Un tessuto produttivo che tiene e dimostra una forte capacità di resistenza, ma che fatica a trovare lo slancio per una vera ripartenza. È la fotografia scattata da Unioncamere Piemonte nel report sulla nati-mortalità delle imprese relativo al secondo trimestre del 2026. Fra aprile e giugno la regione registra un bilancio anagrafico debolmente positivo: le nuove iscrizioni superano le cessazioni, portando il saldo finale a un +1.872 unità, ma il ritmo di crescita complessivo (+0,45%) resta cauto e al di sotto della media nazionale (+0,56%).
A pesare sulla voglia di fare impresa sono i soliti scogli congiunturali: le tensioni geopolitiche internazionali, la pressione sui costi e il lento riassestamento dei tassi di interesse. Fattori che non provocano un'impennata di fallimenti, ma scoraggiano chi vorrebbe aprire una nuova partita Iva.
I numeri del trimestre: 5.708 nuove iscrizioni
Nel dettaglio dei dati camerali, tra aprile e giugno 2026 sono nate in Piemonte 5.708 aziende (41 in più rispetto allo stesso periodo del 2025). Le cessazioni di attività si sono invece attestate a quota 3.836. Il saldo positivo permette allo stock totale delle realtà imprenditoriali piemontesi di salire a quota 416.694 iscritte.

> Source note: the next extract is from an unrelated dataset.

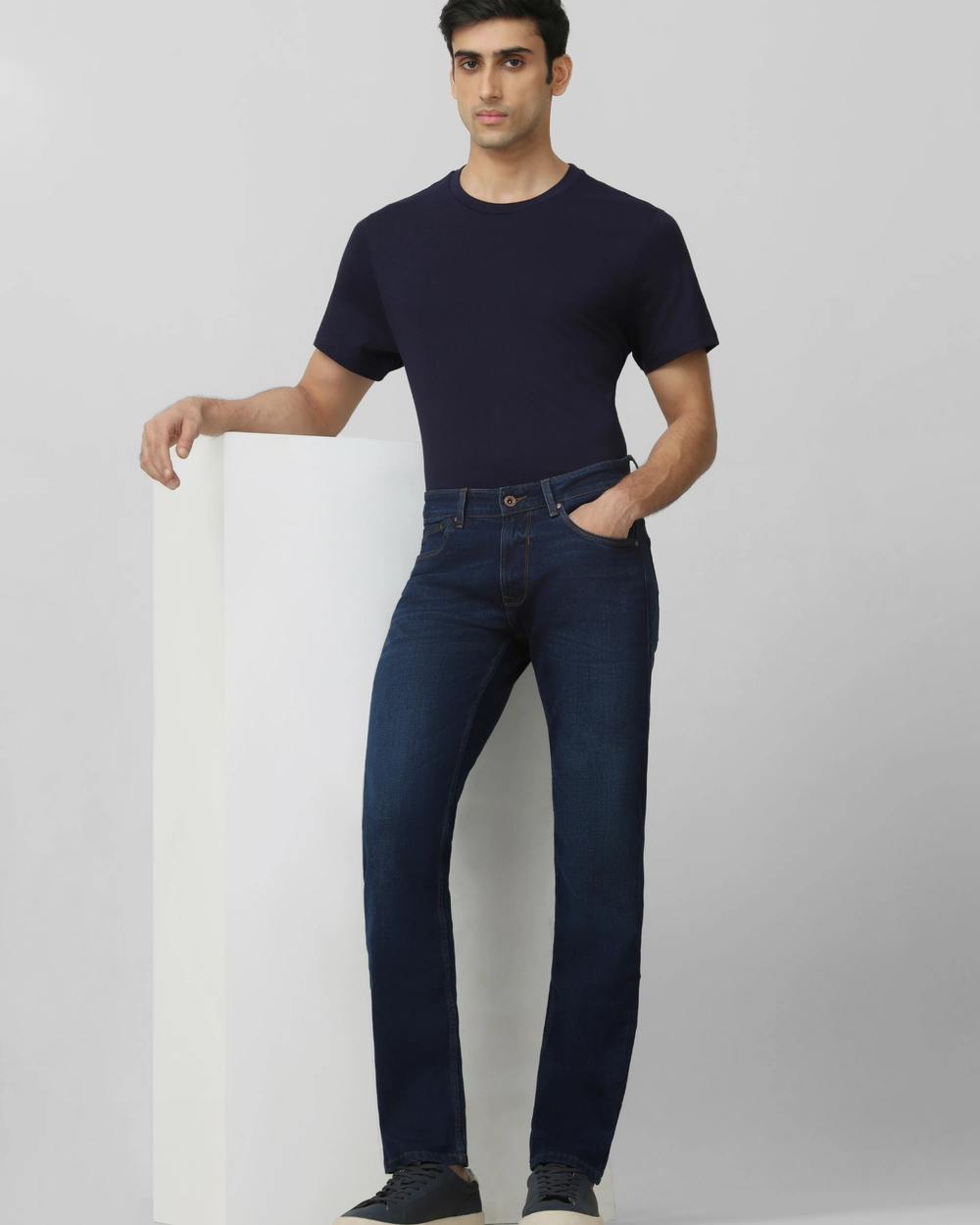 dark blue 5 pocket mid rise slim straight fit classic stretch jeans dark blue 5 pocket mid rise slim straight fit classic stretch jeans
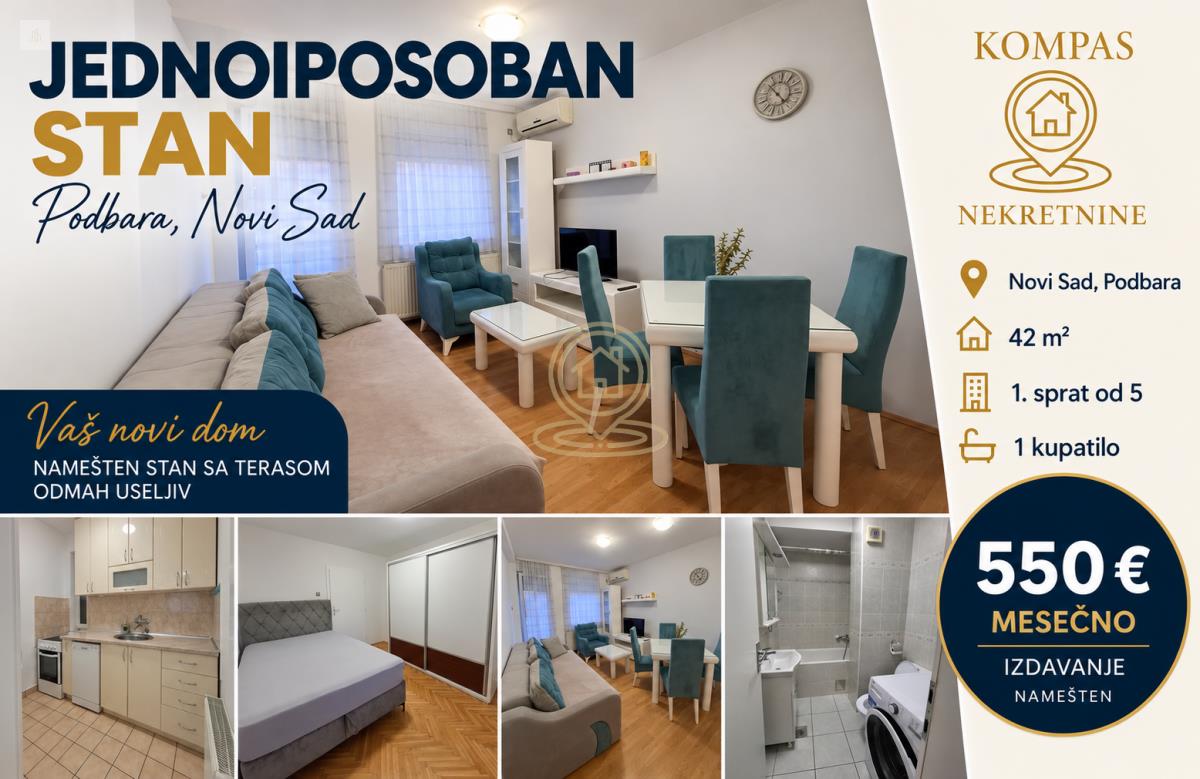 Jednoiposoban stan 42 m², Podbara, Novi Sad, 1. sprat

Un andamento in sostanziale continuità con gli anni precedenti (+0,45% nel 2025 e +0,37% nel 2024), che conferma come il sistema economico regionale sia solido nelle sue fondamenta, pur necessitando di una forte scossa per riaccelerare.
"Il secondo trimestre conferma la tenuta del tessuto piemontese, trainato dai servizi e dalle società di capitale. Tuttavia, la cautela che frena le nuove aperture ci indica che serve una scossa di fiducia: dobbiamo accelerare sugli investimenti per la transizione digitale ed ecologica per restituire competitività al territorio", dichiara Gian Paolo Coscia, presidente di Unioncamere Piemonte.
Società di capitale e Servizi fanno da traino
Dall'analisi delle forme giuridiche emerge un quadro a due velocità. A correre con forza sono le società di capitale, il segmento più strutturato, che mette a segno un tasso di crescita del +1,12% (arrivando a rappresentare il 23,1% del totale). Tengono le ditte individuali (+0,35%), che restano la spina dorsale della regione (55,6% delle imprese), mentre scivolano leggermente in territorio negativo solo le società di persone (-0,05%).
A livello di settori economici, il vero motore della ripresa è rappresentato dagli Altri Servizi (+0,97%), che da soli coprono oltre un terzo dell'economia regionale (34,2%). Buoni segnali arrivano anche dal Turismo (+0,77%) e dalle Costruzioni (+0,54%). Molto più timida l'Industria (+0,26%), mentre l'Agricoltura si ferma a un orizzontale +0,01%. Unico comparto in calo è il Commercio, che registra una contrazione dello 0,02%.
Novara e Torino guidano la classifica provinciale
La crescita, seppur contenuta, riguarda tutte le province piemontesi, ma soltanto due riescono a fare meglio della media regionale. A guidare la classifica per tasso di crescita è Novara (+0,63%), seguita a breve distanza da Torino (+0,52%). Il capoluogo, grazie al suo peso specifico che sfiora il 53,2% delle aziende della regione, garantisce la spinta quantitativa più rilevante.
Più staccate le altre realtà territoriali: Cuneo cresce dello +0,40%, Asti dello +0,36% e Vercelli dello +0,35%. In coda alla graduatoria si posizionano Alessandria (+0,26%), il Verbano-Cusio-Ossola (+0,25%) e infine Biella, che chiude la mappa piemontese con un modesto +0,16%.